SayCan — Veanors

Chapter 0: The Problem

You walk into your kitchen and say: "I just spilled my drink, can you help?" A large language model responds: "You could try using a vacuum cleaner." Reasonable advice for a human, perhaps. Completely useless for a robot that has no vacuum, cannot leave the kitchen, and can only pick, place, and navigate.

This is the grounding problem. LLMs absorb enormous knowledge about everyday tasks from web text — how to cook, clean, organize — but they have never done any of it. They have never opened a drawer, felt the weight of a sponge, or checked whether an apple is within arm’s reach. Their plans are written for an idealized agent with unlimited capabilities in an infinite environment.

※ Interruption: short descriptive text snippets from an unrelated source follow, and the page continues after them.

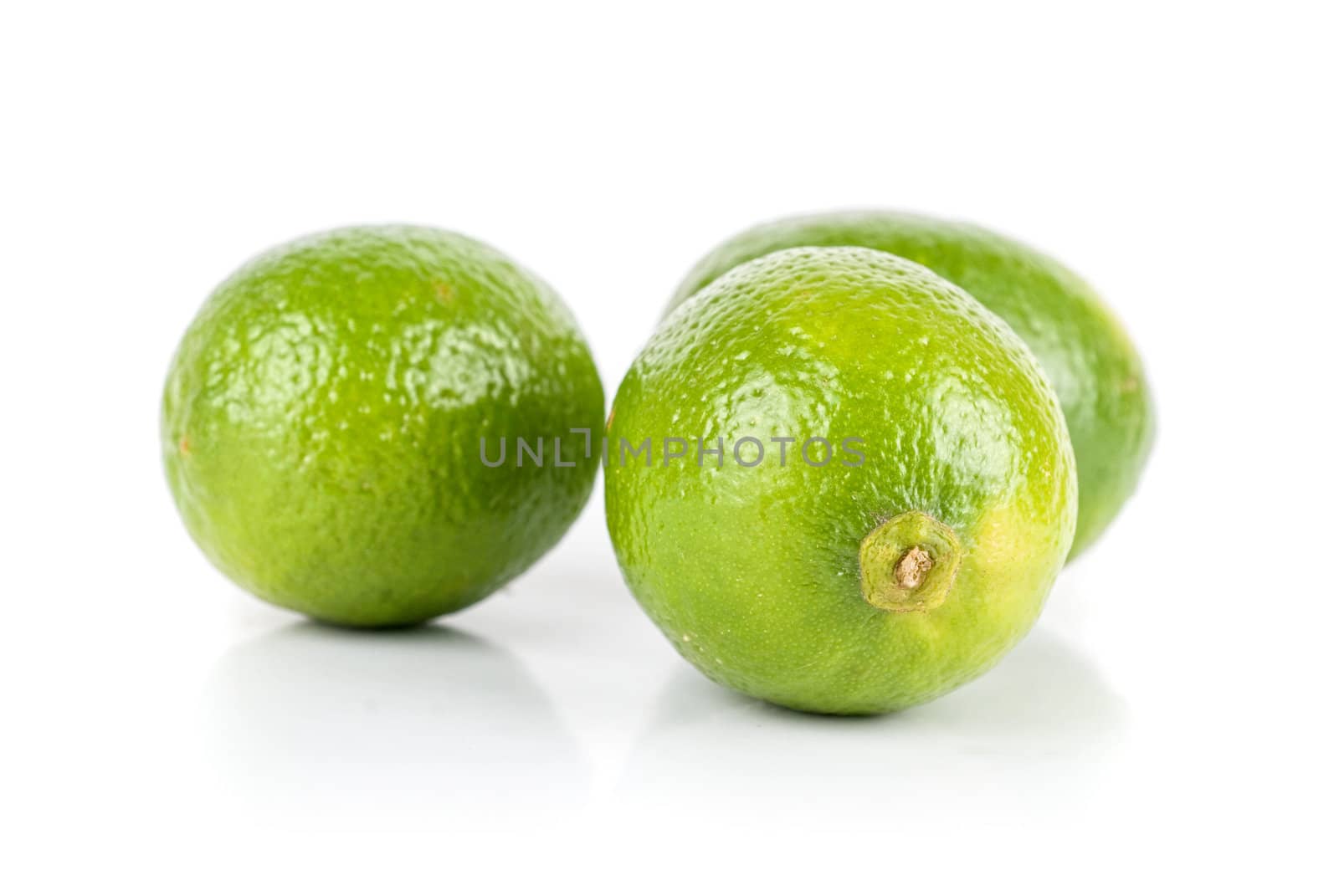 ripe brazilian limes isolated on a white background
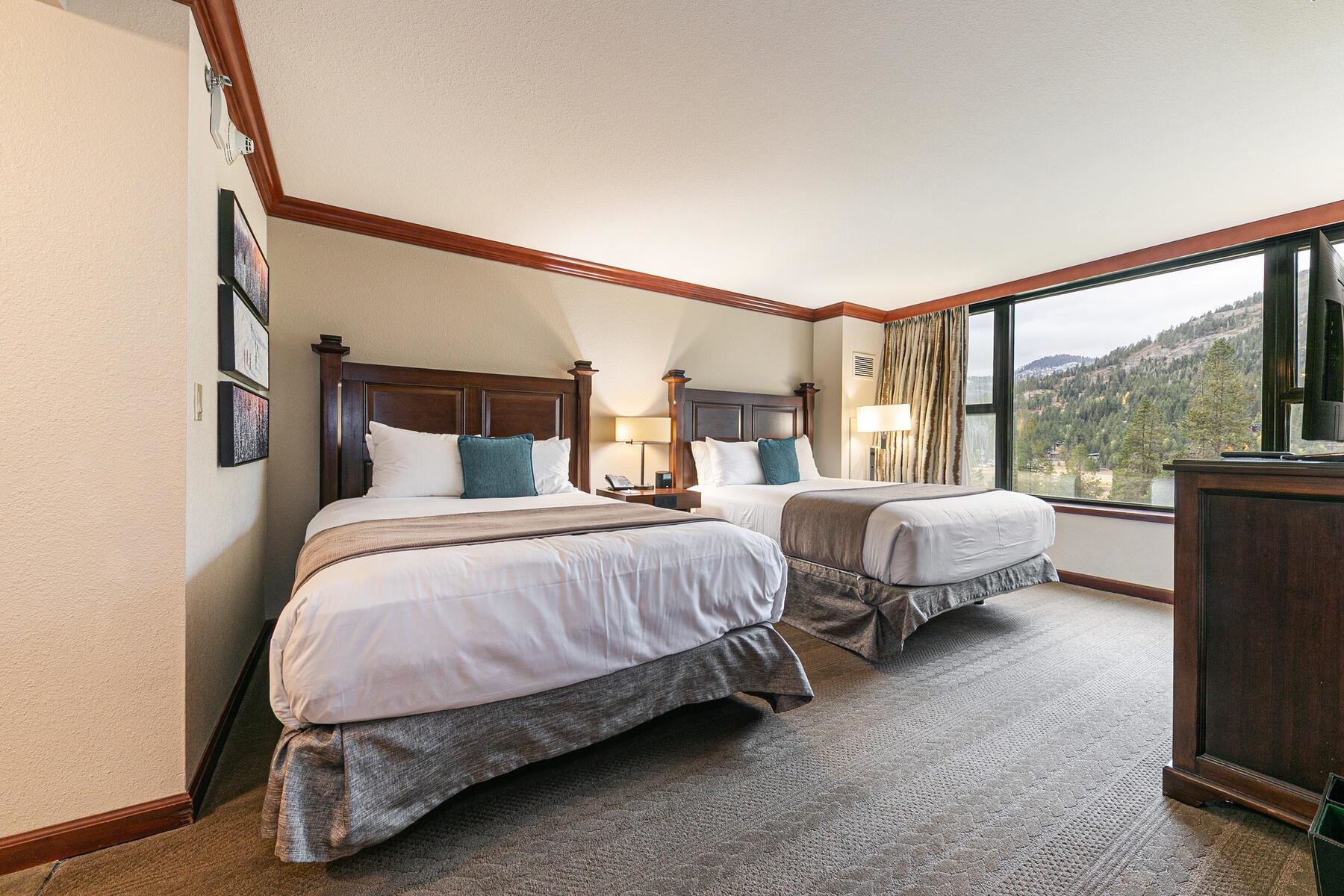 400 Resort Road, Unit 418420 Olympic Valley, CA 96146 - Photo 11 of 26 a bedroom with bed and large window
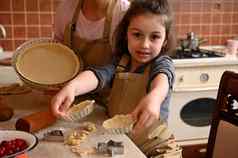 妈妈女儿围裙烹饪显示滚面团模具使自制的小果馅饼tarte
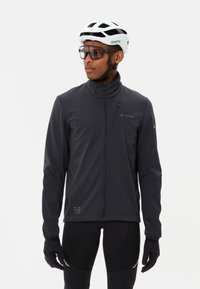 Giacca softshell nera con colletto alto, tasca sul petto con zip e dettagli riflettenti. Indossata con guanti neri e pantaloni da ciclismo aderenti. Presenta un logo carattere.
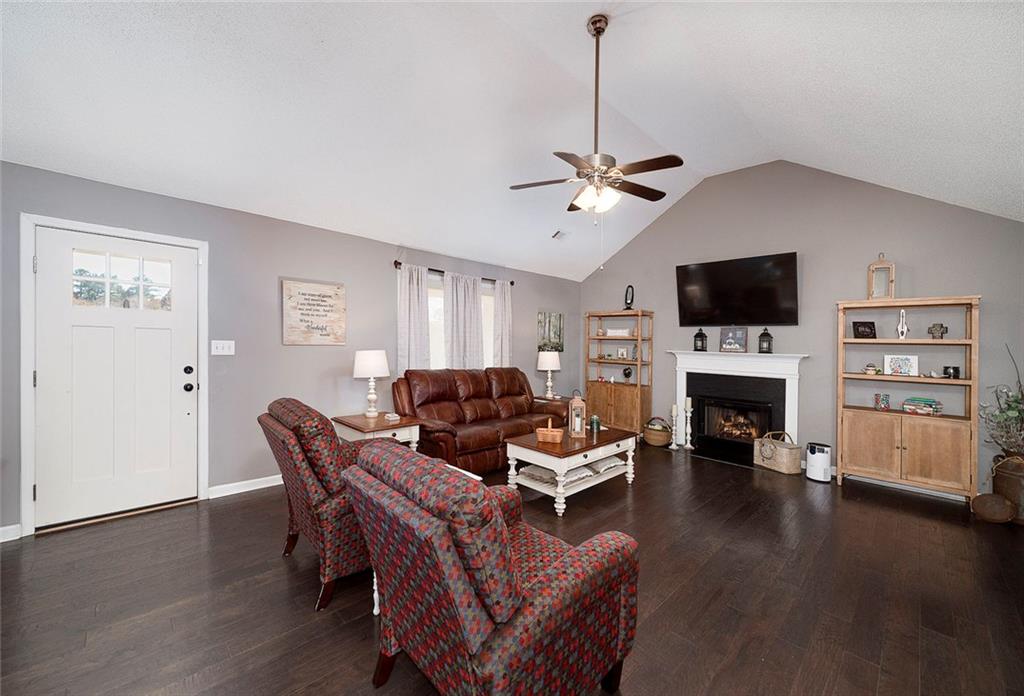 121 Harper Road McDonough, GA 30252 - Photo 12 of 38 a living room with furniture a fireplace and a flat screen tv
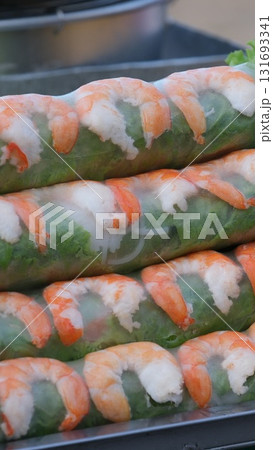 Tasty spring rolls served with lettuce on white background Tasty spring rolls served with lettuce on white background 131693341
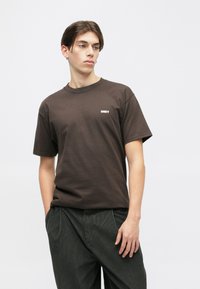 Brun bomulds T-shirt med korte ærmer og rund halsudskæring. Har et lille hvidt "OBEY" logo på venstre bryst.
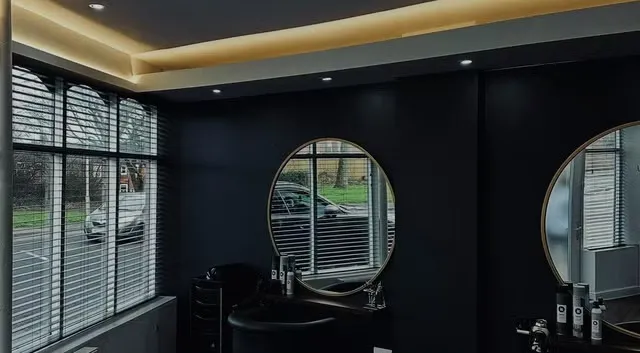 Inside Salon 15, Normanton: round gold-framed mirrors on a near-black wall with warm cove lighting and oak counters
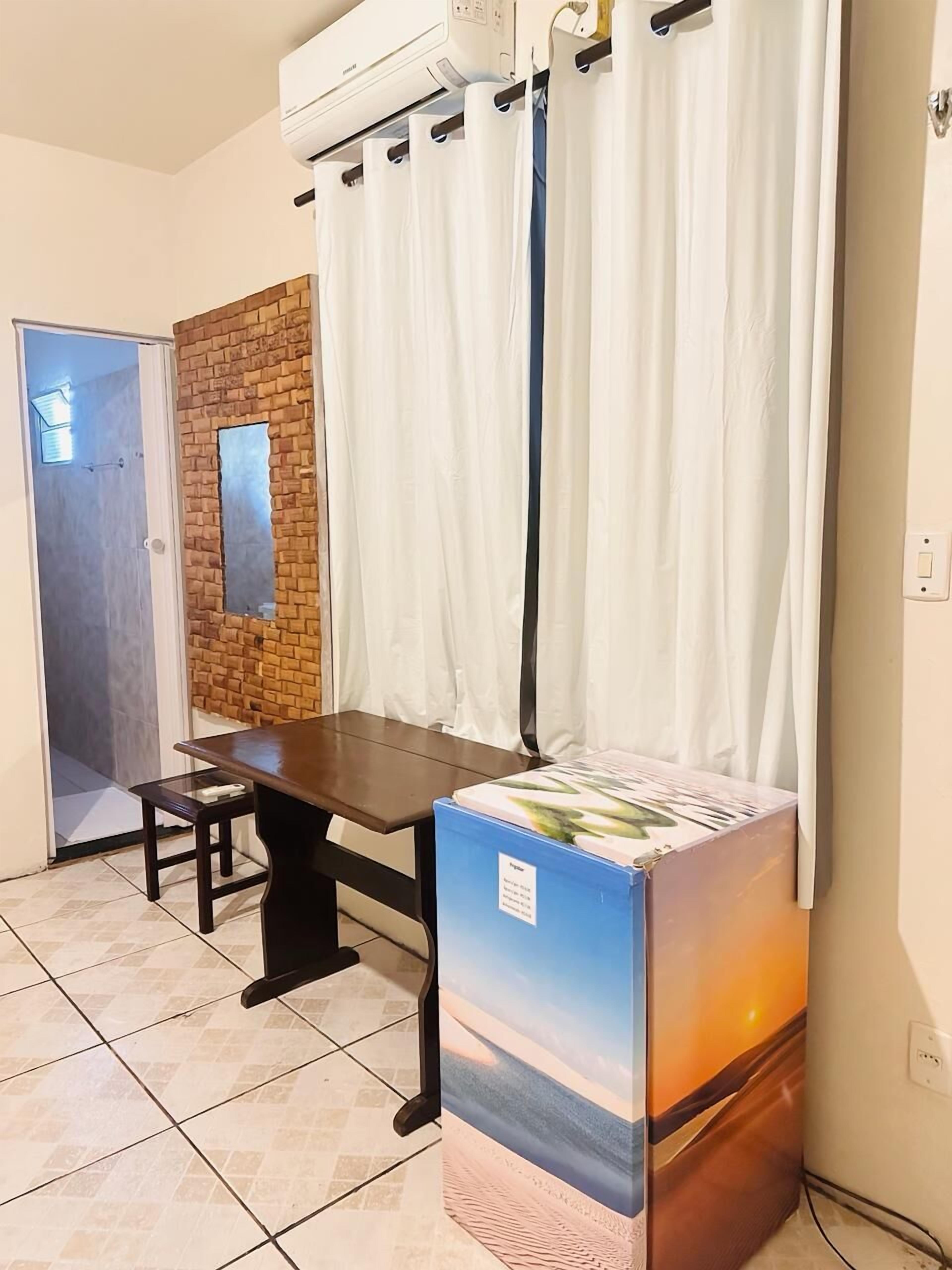 Una habitación con piso de baldosas, una mesa de madera, un banco, aire acondicionado instalado en la pared, una puerta y una ventana con cortinas.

Meanwhile, robots are the opposite. A mobile manipulator in a kitchen can pick up a sponge, navigate to the counter, and place objects in the trash with high reliability. It knows exactly what it can do. But if you tell it "I spilled my drink, can you help?" in raw natural language, it has no idea how to decompose that into its known skills.

The fundamental mismatch: LLMs know what to do but not what a robot can do. Robots know what they can do but not what to do. SayCan fuses both: the LLM provides task knowledge ("Say") and learned affordance functions provide feasibility knowledge ("Can").

Before SayCan, there were two dead ends. You could feed the raw instruction into a language-conditioned policy — but these policies only understand short, primitive commands like "pick up the can," not abstract requests like "help me clean up." Or you could use the LLM to generate a step-by-step plan — but without grounding, it might suggest skills the robot doesn’t have, objects that aren’t present, or actions that are physically impossible from the current state.

Why can't an LLM alone produce reliable plans for a specific robot in a specific environment?

The LLM has never interacted with the physical world — it doesn't know the robot's capabilities, the objects present, or which actions are feasible from the current state LLMs can only generate code, not natural language plans LLMs are too slow for real-time robotics

Chapter 1: The Key Insight

SayCan’s insight is beautifully simple. Instead of asking the LLM to generate a plan (which might hallucinate impossible actions), ask it to score a fixed set of skills the robot already knows. Then multiply that score by a second score from the robot’s own value functions that captures "can I actually do this right now?"

score(π) = p(ℓ_π | i) × p(c_π | s, ℓ_π)

Where:

p(ℓ_π | i) — the LLM probability that skill π with language description ℓ_π is a useful next step for instruction i. This is the "Say" — task grounding.
p(c_π | s, ℓ_π) — the value function probability that skill π will complete successfully from state s. This is the "Can" — world grounding.

The robot selects the skill with the highest combined score, executes it, appends it to the LLM context, and repeats until a termination token is selected.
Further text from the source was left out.